**YOUR INSTRUCTIONS**
Leaving out the pictures, return each line of the entries from the first through the line with "This is our", and only those lines.

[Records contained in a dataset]
+++
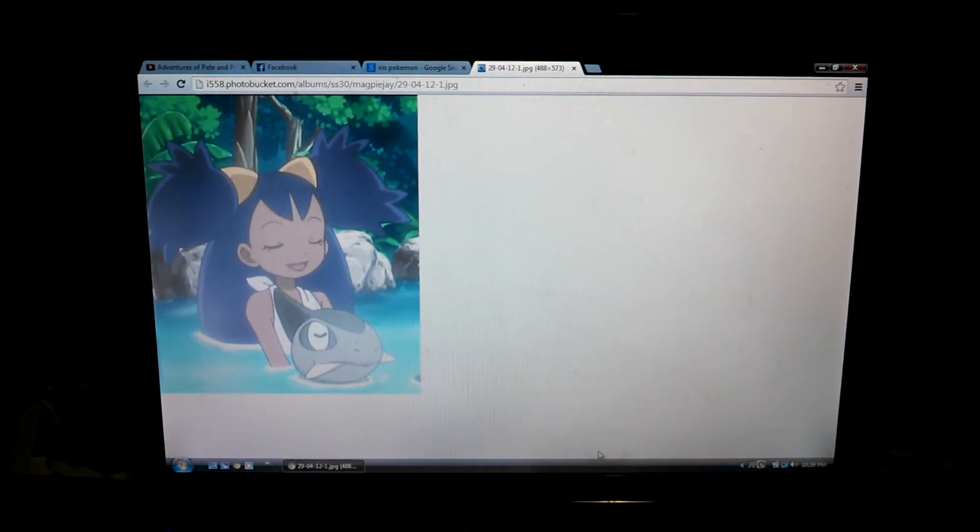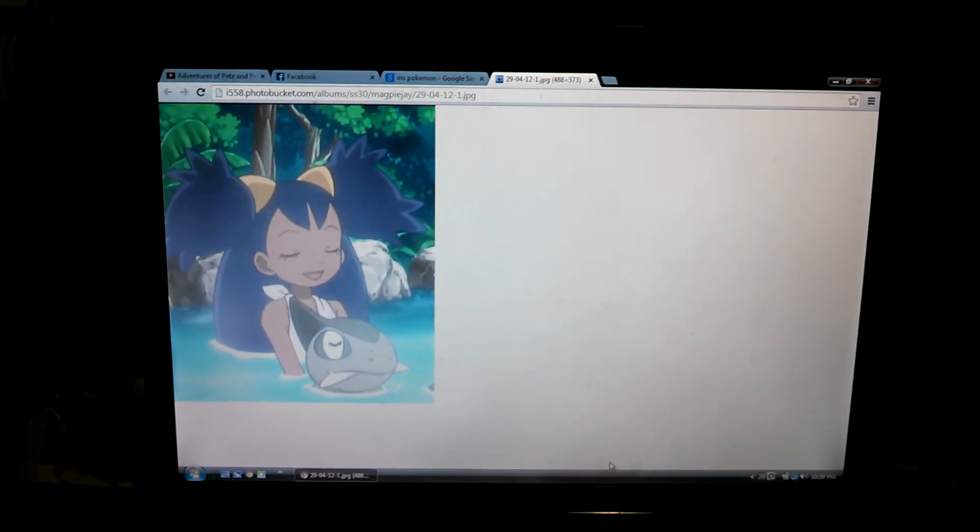I've been looking up images on Google. Some of them, I should warn you, are pretty dirty, but this isn't one of them.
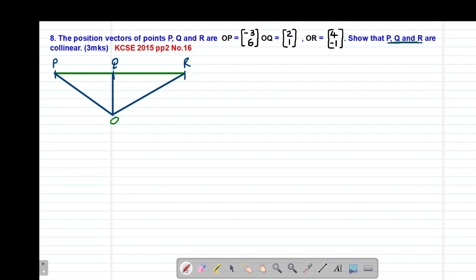This is our origin. So this is what we are calling vector OP, which has the column vector of negative 3, 6. Then we are also given the position vector for OQ, which is from O towards Q, with column vector 2, positive 1. Then OR is from O to R, with position vector 4, negative 1.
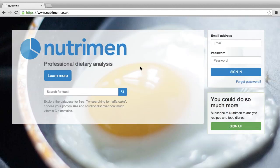In this tutorial I want to show you how to do a quick look up of a food. I'm going to use the example of semi-skimmed milk and find out how much calcium is in a typical glass.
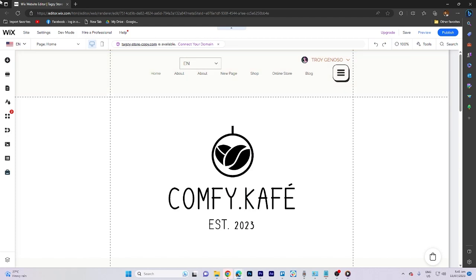In today's video tutorial, I'm gonna walk you through how to add events calendar to Wix website.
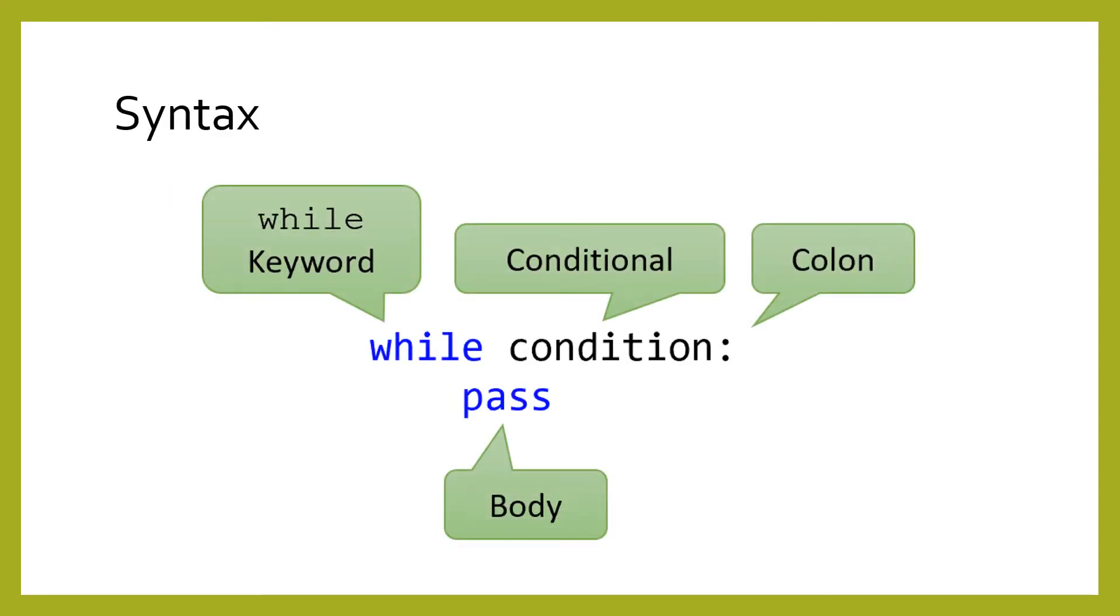Notice how the syntax for a while loop is similar to that of an if statement. We have the word while, followed by a condition, ending with a colon. Then we can have any number of statements inside the body. Remember that this body, like a for loop or an if statement, is indented with four spaces.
+++
**EXERCISE SOLUTION**
I've been looking up images on Google. Some of them, I should warn you, are pretty dirty, but this isn't one of them.
This is our origin. So this is what we are calling vector OP, which has the column vector of negative 3, 6. Then we are also given the position vector for OQ, which is from O towards Q, with column vector 2, positive 1. Then OR is from O to R, with position vector 4, negative 1.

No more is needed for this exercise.